--- Work to be completed ---
Under this line is some data; print exactly the lines from the one containing "Thanks for tuning" through its last line, without pictures.

--- Dataset extract ---
────────

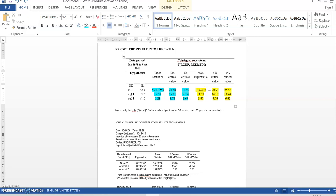You only have to generate one error correction term put in the error correction model. Okay. Where you can develop the error correction term, I will explain in the next video. Alright. Thank you.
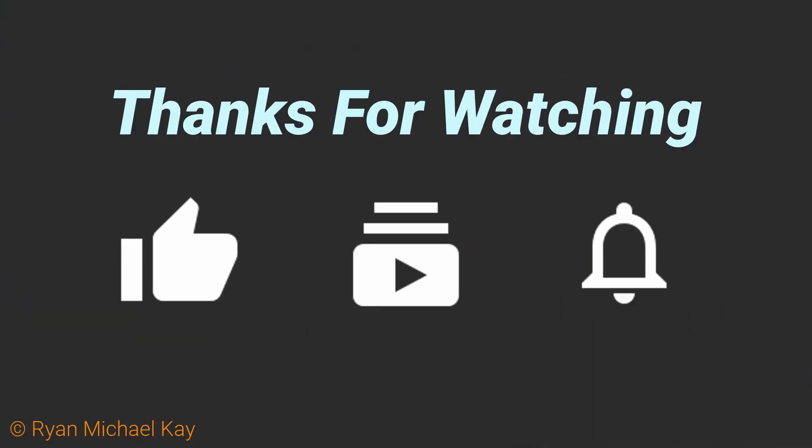If you found this video helpful, do me a favor and hit the like button below, subscribe, and leave a comment on what you think about Compose so far. Peace out y'all. I'm out.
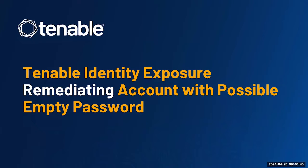Thanks for tuning in. Today we're going to show you how to use Tenable Identity Exposure to remediate accounts with possible empty passwords.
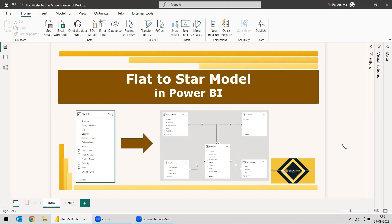Welcome to this new video. This video is regarding conversion of a flat model to a star model.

────────

--- Completed task ---
Thanks for tuning in. Today we're going to show you how to use Tenable Identity Exposure to remediate accounts with possible empty passwords.
Welcome to this new video. This video is regarding conversion of a flat model to a star model.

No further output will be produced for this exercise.